PROBLEM
Could you transcribe each record below exactly as written, setting the pictures aside?

(RECORDS)

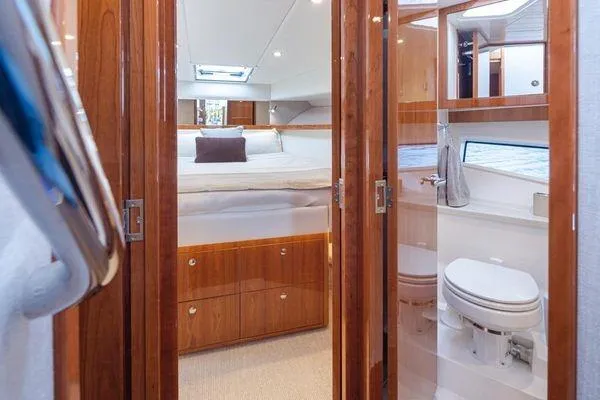 Slide: The Image of Luxurious interior of 2019 Riviera 395 SUV yacht with bedroom and bathroom. - 13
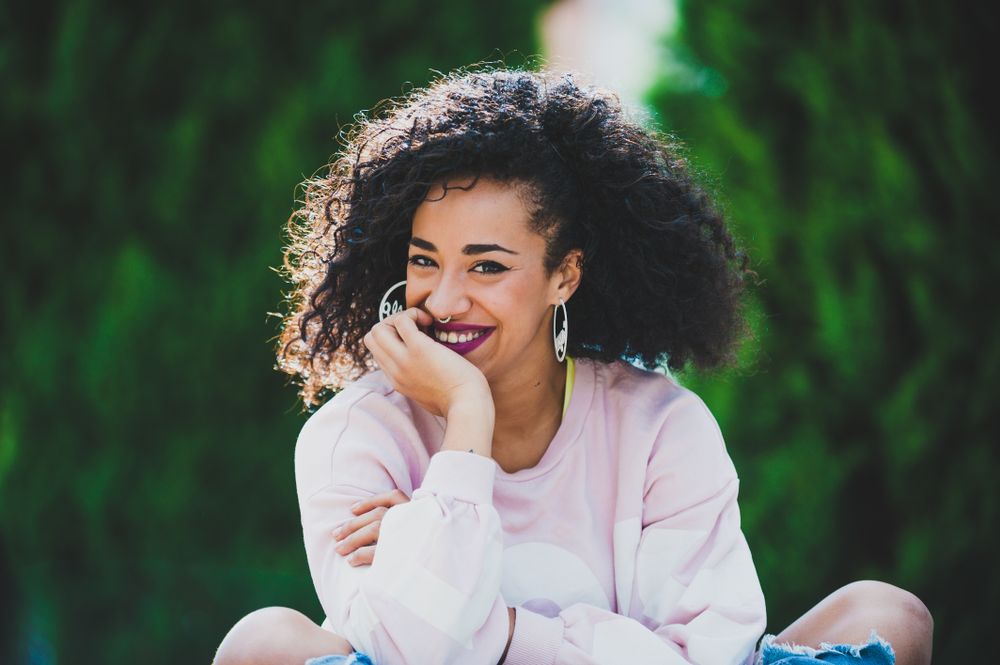 Portrait of modern Black woman with curls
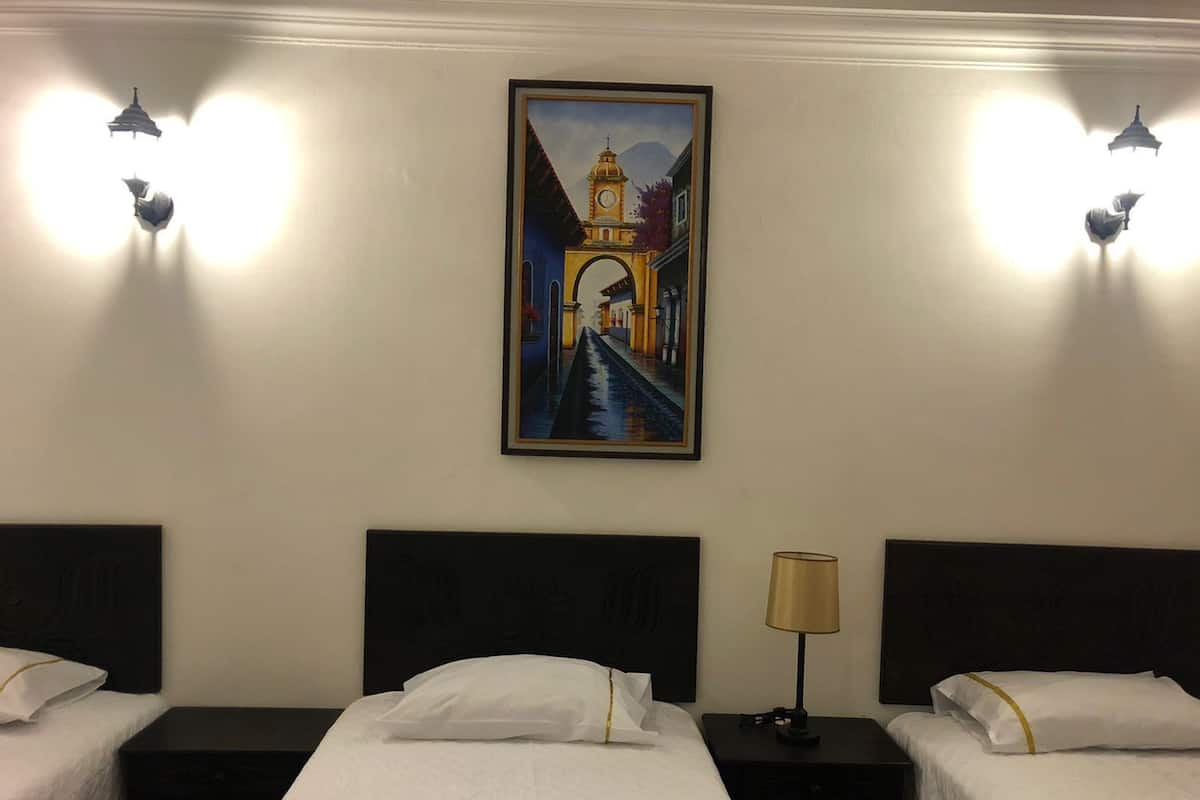 Una habitación de hotel con dos camas, un cuadro de una torre y apliques de pared.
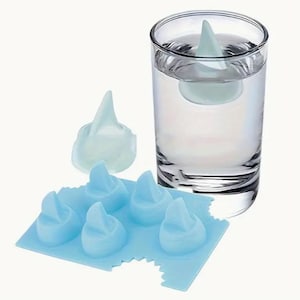 May include: A blue silicone ice cube tray with six shark fin shaped ice molds. One shark fin ice cube is floating in a glass of water.
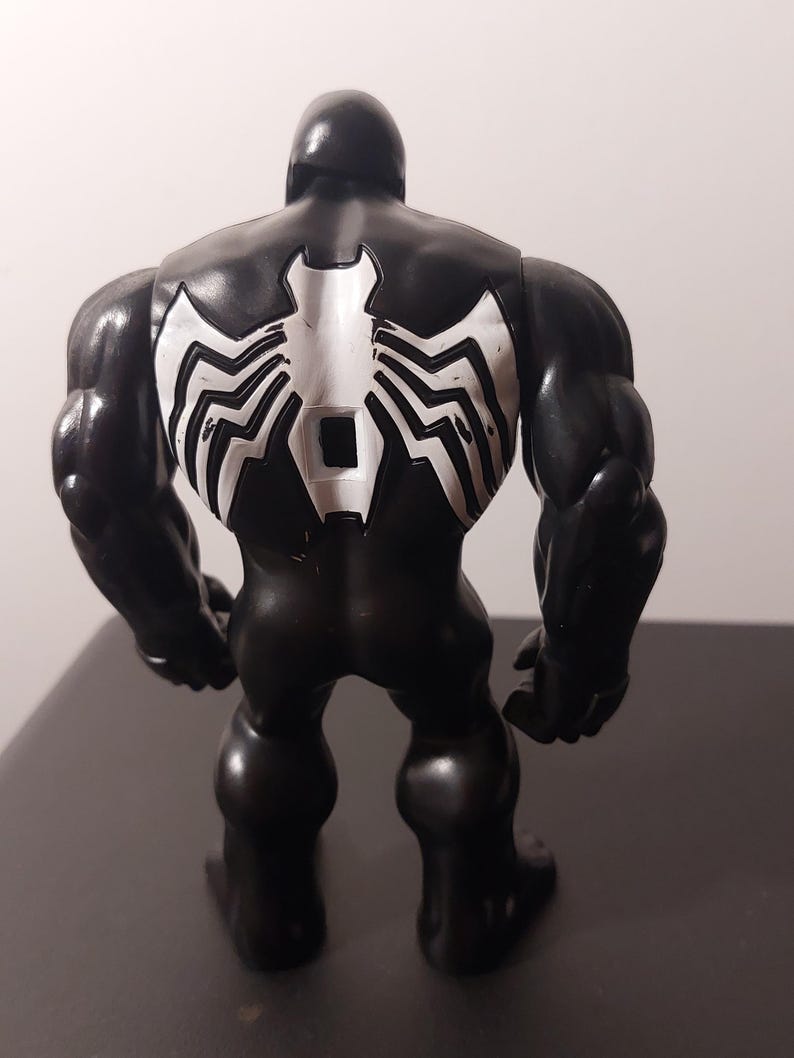 Peut inclure: Figurine d'action noire et blanche de Venom, un super-h&eacute;ros de Marvel Comics. La figurine est en position debout, les bras le long du corps. La figurine a une carrure large et muscl&eacute;e et un symbole d'araign&eacute;e blanc sur le dos.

(End RECORDS)

WRITTEN SOLUTION
 Slide: The Image of Luxurious interior of 2019 Riviera 395 SUV yacht with bedroom and bathroom. - 13
 Portrait of modern Black woman with curls
 Una habitación de hotel con dos camas, un cuadro de una torre y apliques de pared.
 May include: A blue silicone ice cube tray with six shark fin shaped ice molds. One shark fin ice cube is floating in a glass of water.
 Peut inclure: Figurine d'action noire et blanche de Venom, un super-h&eacute;ros de Marvel Comics. La figurine est en position debout, les bras le long du corps. La figurine a une carrure large et muscl&eacute;e et un symbole d'araign&eacute;e blanc sur le dos.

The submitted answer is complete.